Ci sono voluti 24 anni, una generazione, per mettere fine alla "guerra del latte", o meglio delle quote latte. Anni di polemiche, scontri, proteste degli allevatori, presidi, blocchi di treni e strade, scontri con la polizia, multe salatissime… storia passata ormai. Si volta pagina. Il ministro delle Politiche agricole Luca Zaia è appena rientrato da Bruxelles e racconta quelle 18 ore di trattativa non stop al tavolo dei 27 dell’Unione Europea.

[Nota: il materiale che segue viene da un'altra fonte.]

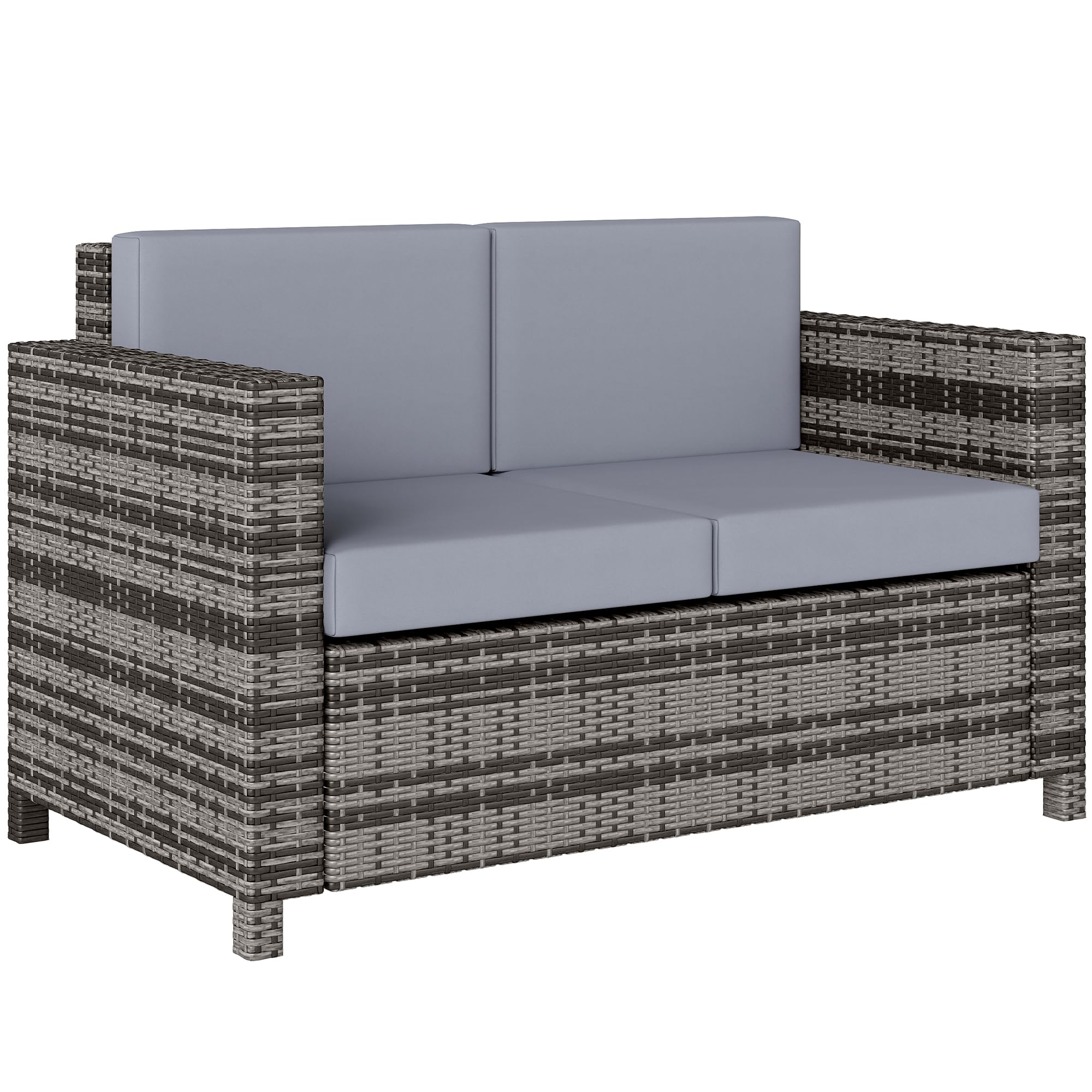 Outsunny Rattan Sofa, 2 Seater Garden Furniture with Soft Padded Cushion and Armrests, Wicker Garden Loveseat for Patio, Mixed Grey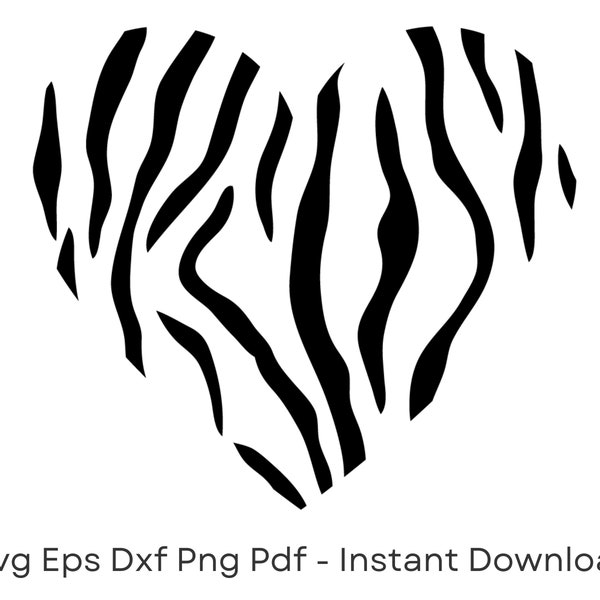 Zebra Love Heart svg, dxf png dxf, Zebra svg, Zebra Pattern, svg file CriCut Silhouette Cameo, Cut File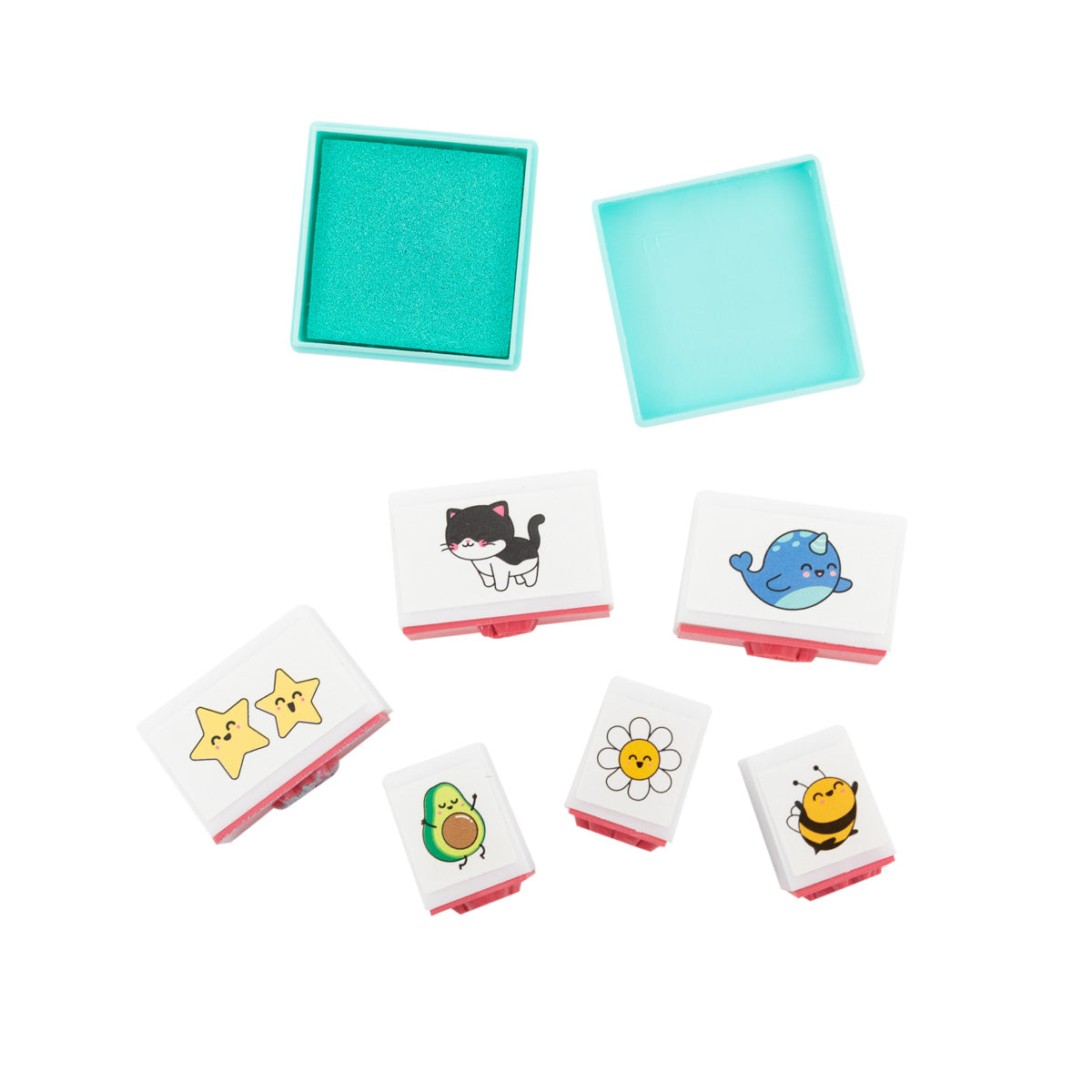 Set de 6 tampons + tampon encreur - Laissez-vous inspirer par l'encre !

Tavolo importante quello presieduto dalla commissaria europea all’agricoltura Mariann Fischel Boel perché è stato raggiunto un primo accordo sulla riforma della politica agricola comune (Pac) che non riguarda solo le quote latte, l’aumento del 5%.
"Se siamo soddisfatti? Sì… soddisfattissimi e consapevoli che le cose si possono cambiare in meglio per la nostra agricoltura, per il Paese… Ci sono gli interessi dei produttori, delle imprese, quelli dei consumatori. Abbiamo ripristinato la legalità dopo quell'infelice negoziato del 1984 che ha falciato le gambe ai nostri produttori di latte".
Ministro, spieghi come è riuscito nell’impresa…
"Ho cercato di portare la mia esperienza al tavolo del negoziato dell’Unione europea, rifuggo dall’idea che i nostri partner possano considerare l’Italia come una sorta di fratello minore. In questo negoziato si è visto che non è così".
Ha fatto valere la regola della politica: mai dire mai…
"No, ho fatto qualcosa di più semplice e diretto: ci ho sempre creduto. E mi sono impegnato in prima persona, a Bruxelles".
Insomma, è stato al pezzo. Ma come hanno reagito gli altri ministri, i loro rappresentanti?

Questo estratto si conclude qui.